-- Data listing follows --
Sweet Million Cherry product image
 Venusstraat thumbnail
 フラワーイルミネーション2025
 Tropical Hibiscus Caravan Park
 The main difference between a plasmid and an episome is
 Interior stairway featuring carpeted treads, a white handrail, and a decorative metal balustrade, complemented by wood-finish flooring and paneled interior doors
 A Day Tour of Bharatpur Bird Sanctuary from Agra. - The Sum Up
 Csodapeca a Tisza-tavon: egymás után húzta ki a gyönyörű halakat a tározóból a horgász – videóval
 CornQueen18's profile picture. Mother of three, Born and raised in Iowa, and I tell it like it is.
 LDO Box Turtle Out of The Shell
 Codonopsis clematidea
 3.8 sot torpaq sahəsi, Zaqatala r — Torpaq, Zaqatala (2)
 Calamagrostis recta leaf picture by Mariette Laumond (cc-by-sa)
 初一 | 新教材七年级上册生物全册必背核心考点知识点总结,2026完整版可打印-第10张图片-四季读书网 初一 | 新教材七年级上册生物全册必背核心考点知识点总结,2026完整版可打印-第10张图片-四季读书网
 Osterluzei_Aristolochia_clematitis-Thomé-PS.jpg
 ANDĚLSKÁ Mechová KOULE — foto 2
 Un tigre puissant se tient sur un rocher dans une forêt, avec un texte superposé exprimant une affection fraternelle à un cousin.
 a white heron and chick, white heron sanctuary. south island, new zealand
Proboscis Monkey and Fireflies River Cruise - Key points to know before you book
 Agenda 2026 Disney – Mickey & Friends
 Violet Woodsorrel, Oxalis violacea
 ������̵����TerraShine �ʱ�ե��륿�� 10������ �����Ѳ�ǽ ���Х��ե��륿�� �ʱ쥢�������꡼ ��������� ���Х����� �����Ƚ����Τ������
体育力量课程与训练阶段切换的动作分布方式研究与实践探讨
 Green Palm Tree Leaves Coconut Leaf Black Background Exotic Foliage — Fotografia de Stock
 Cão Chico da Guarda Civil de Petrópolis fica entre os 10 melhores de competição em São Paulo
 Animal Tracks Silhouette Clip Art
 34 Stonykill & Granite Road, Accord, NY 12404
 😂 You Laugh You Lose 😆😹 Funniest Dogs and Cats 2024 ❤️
-- Data listing concluded --
Your task is to quote, without any alteration, the lines running from the top of the records to the line that holds "The main difference", both included.

Solution:
Sweet Million Cherry product image
 Venusstraat thumbnail
 フラワーイルミネーション2025
 Tropical Hibiscus Caravan Park
 The main difference between a plasmid and an episome is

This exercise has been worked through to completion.